*ASSIGNMENT*:
For the material below, reproduce exactly each line from the one that has "3631 W 8th Street, Cincinnati, OH 45205" through the one that has "1957 Ford Thunderbird", and no others; pictures stay out.

*EXTRACTED INFORMATION*:
------------------------------------
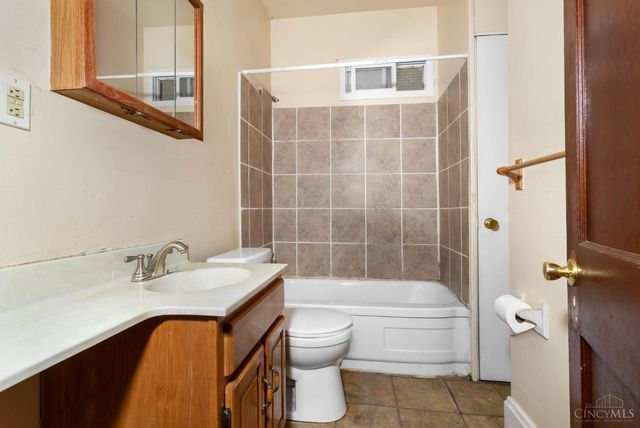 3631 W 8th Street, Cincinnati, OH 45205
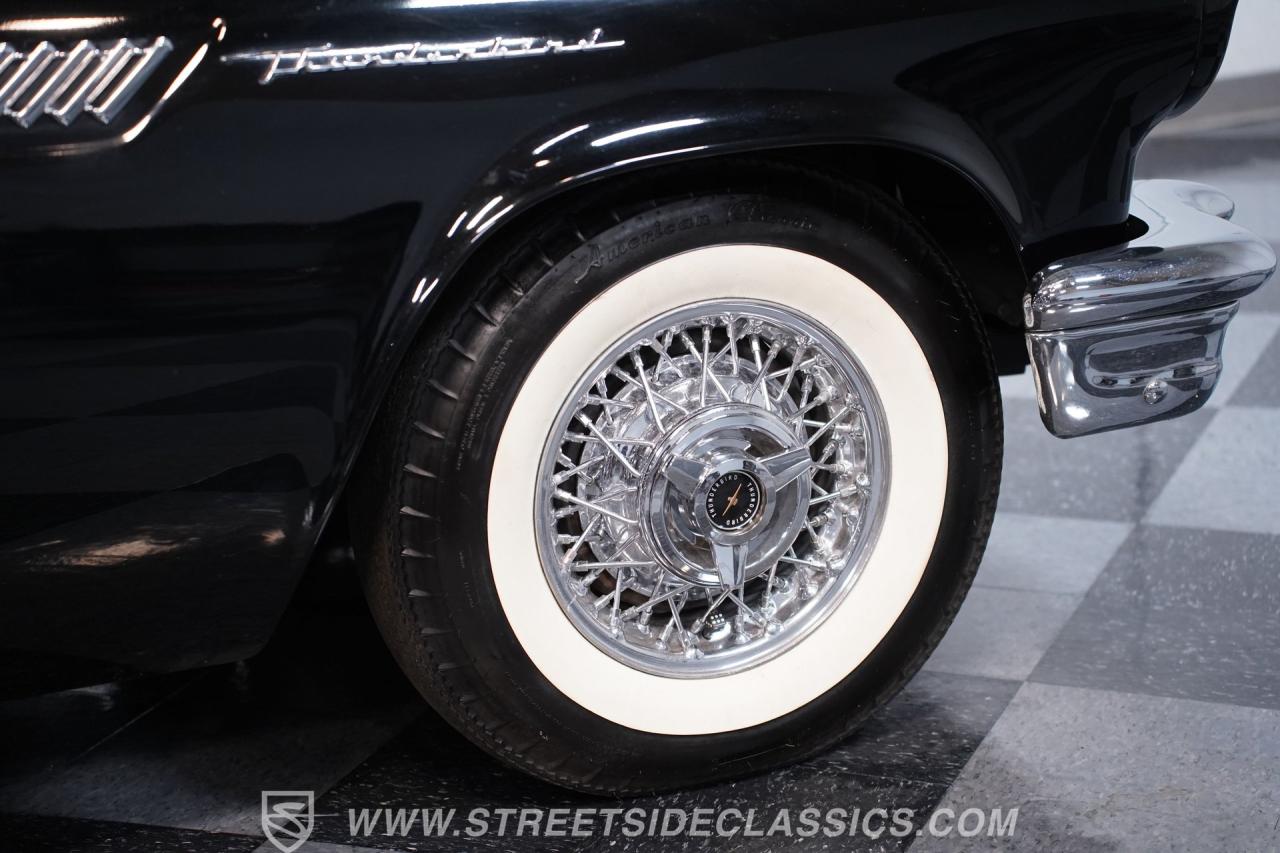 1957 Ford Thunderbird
------------------------------------
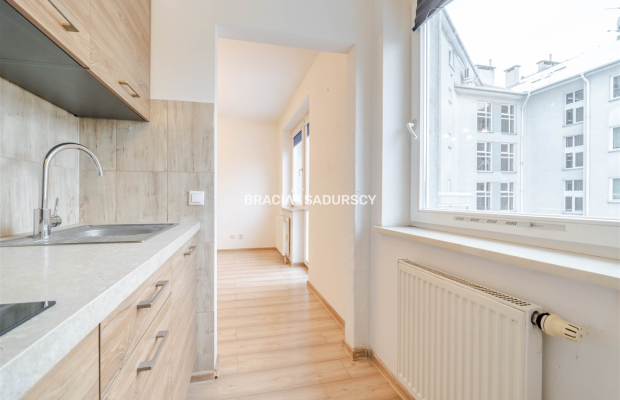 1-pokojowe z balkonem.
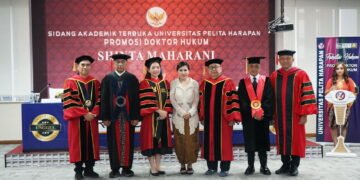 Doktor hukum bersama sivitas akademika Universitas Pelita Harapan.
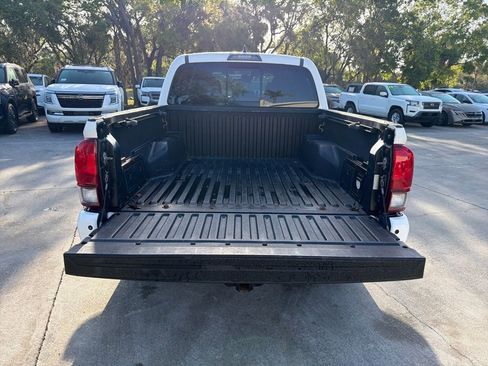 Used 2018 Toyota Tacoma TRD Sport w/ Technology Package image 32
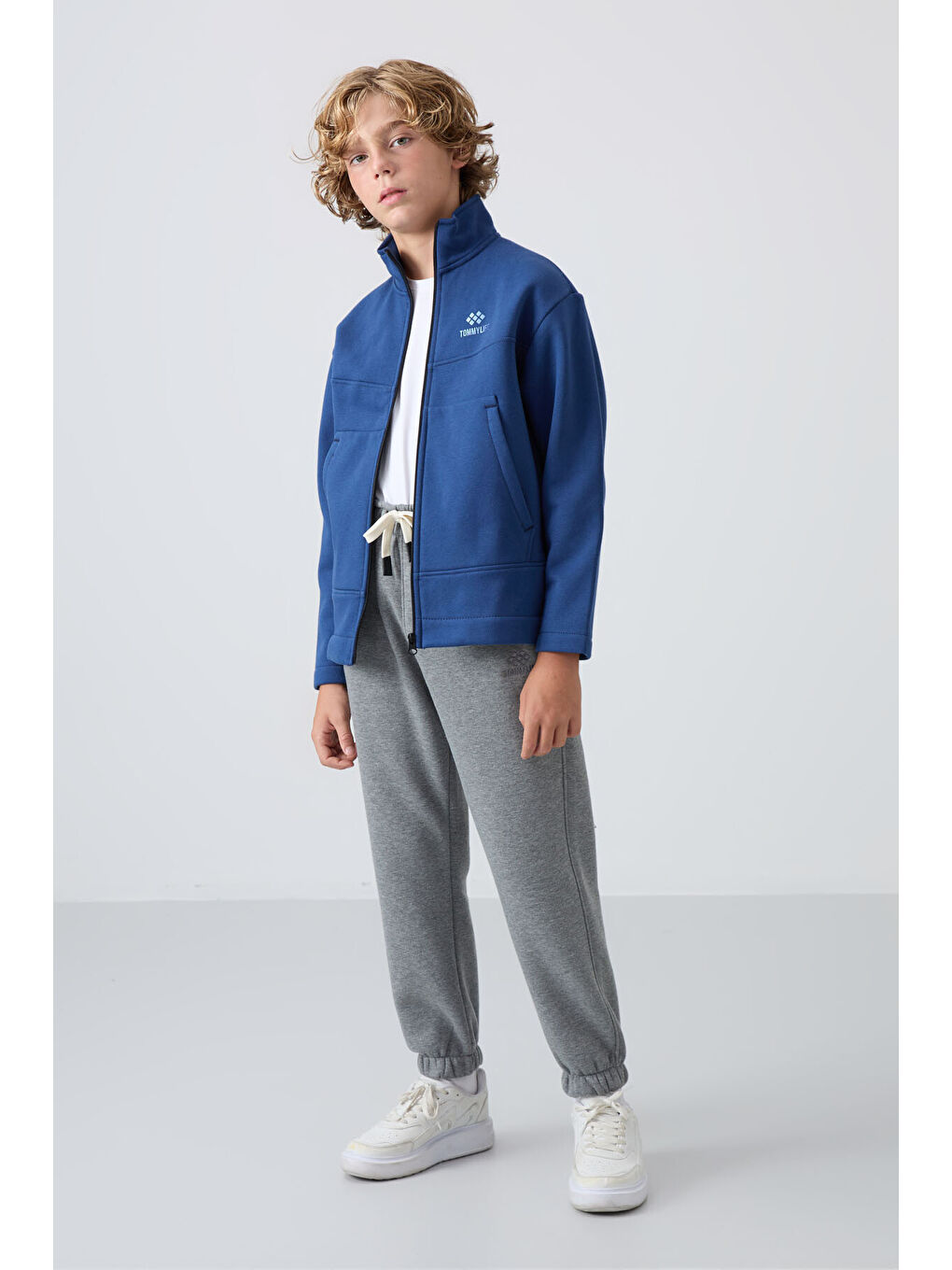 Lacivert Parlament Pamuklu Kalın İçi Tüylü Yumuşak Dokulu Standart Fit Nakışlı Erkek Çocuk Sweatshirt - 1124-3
------------------------------------
*ANSWER BOX*:
 3631 W 8th Street, Cincinnati, OH 45205
 1957 Ford Thunderbird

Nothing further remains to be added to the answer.